BEGIN Records supplied

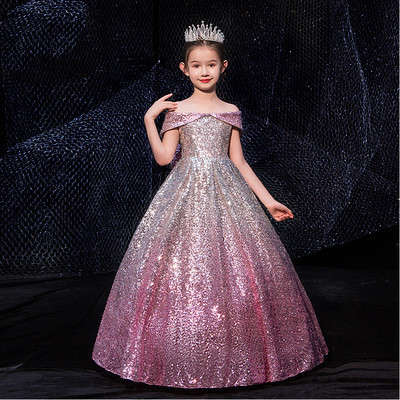 Girls long tail dress - Image 4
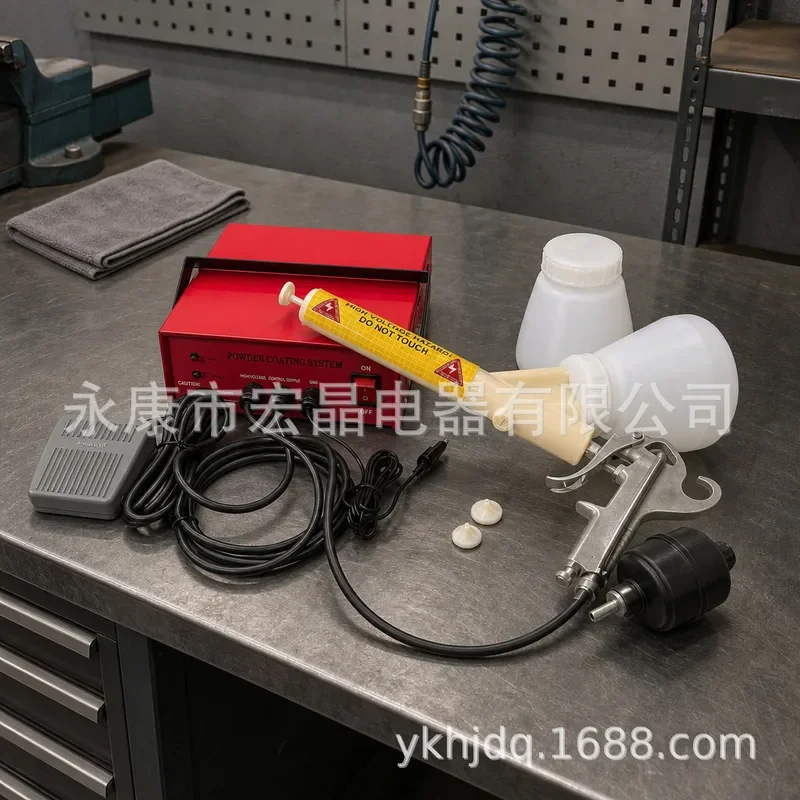 for PC03 15-30KV 2nd Gear Small Electrostatic Spraying Machine Micro Spraying Equipment with Sheet Metal Shell Firmer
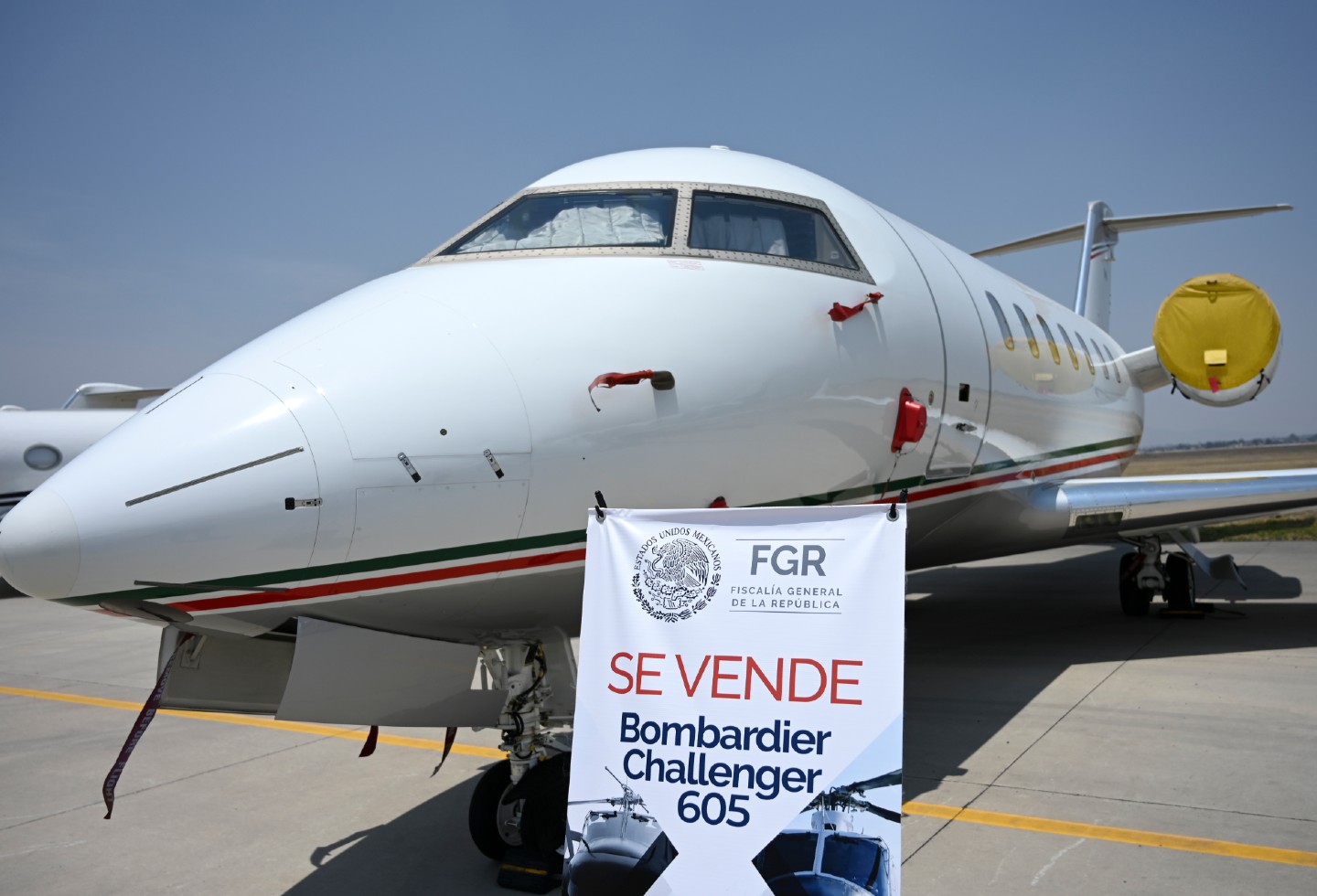Avión presidencial de México en venta
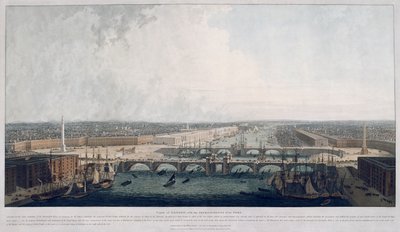 Proponowany Most Londyński, Londyn, 1802. autorstwa William Daniell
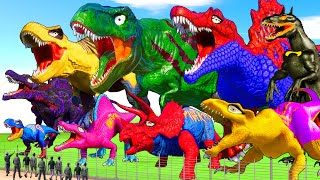 Pro 8 SuperHero Dinosaurs Team | SPIDER-MAN Dinosaur spectacular Transformation with Hulk, Venom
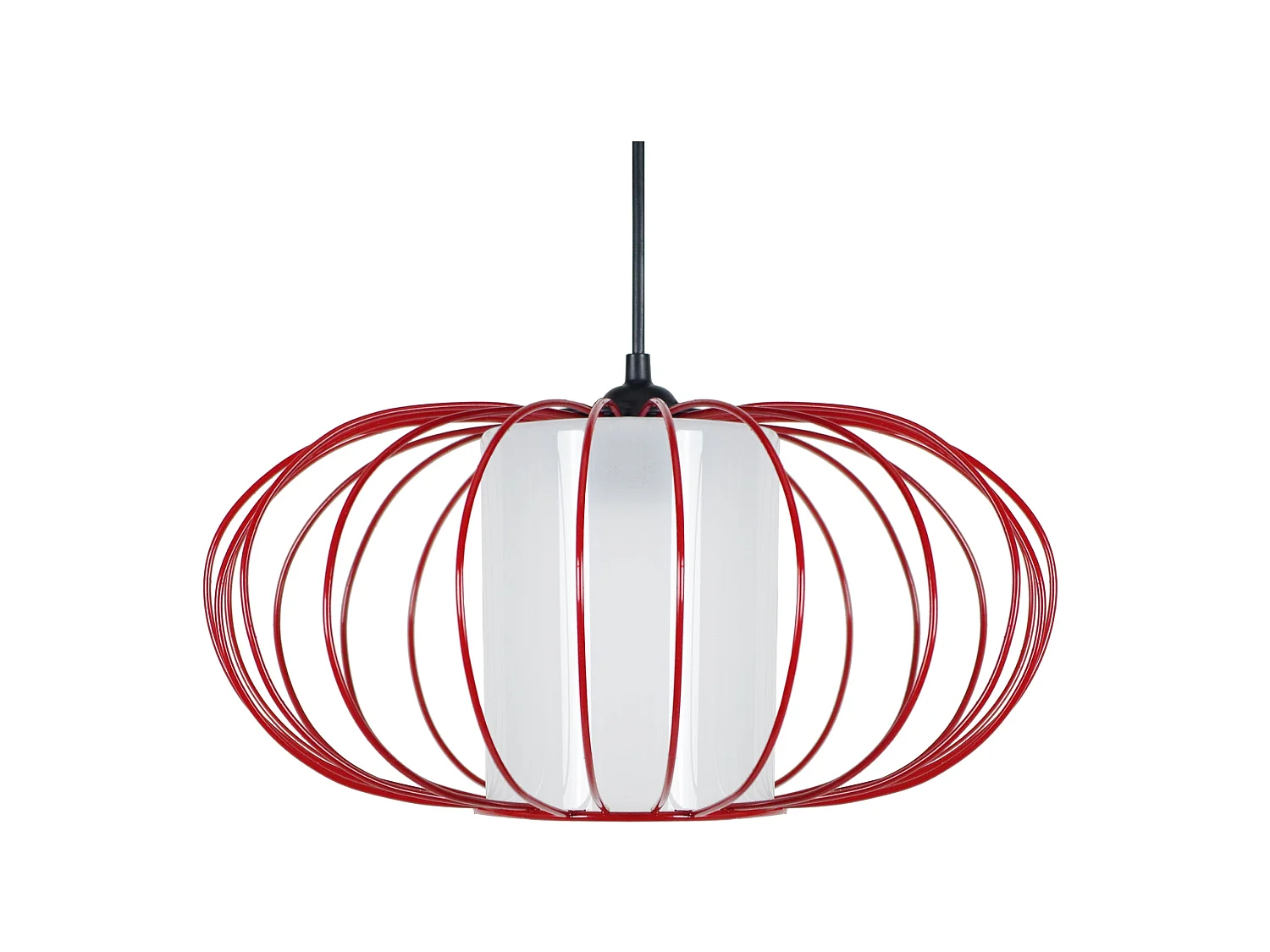 Suspensão TOSEL  OITA vidro globo Branco marfim D35 x  H77  cm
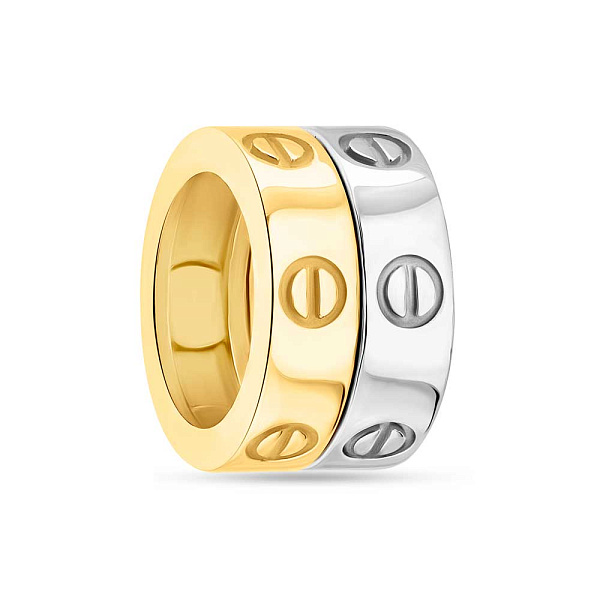 Золотая подвеска в комбинированном цвете металла (арт. 424352жб) – изображение 1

END Records supplied

▶ **Exercise aim**: The listing is to be repeated word for word, with all pictures omitted.

▶ **Completed exercise**:
 Girls long tail dress - Image 4
 for PC03 15-30KV 2nd Gear Small Electrostatic Spraying Machine Micro Spraying Equipment with Sheet Metal Shell Firmer
Avión presidencial de México en venta
 Proponowany Most Londyński, Londyn, 1802. autorstwa William Daniell
 Pro 8 SuperHero Dinosaurs Team | SPIDER-MAN Dinosaur spectacular Transformation with Hulk, Venom
 Suspensão TOSEL  OITA vidro globo Branco marfim D35 x  H77  cm
 Золотая подвеска в комбинированном цвете металла (арт. 424352жб) – изображение 1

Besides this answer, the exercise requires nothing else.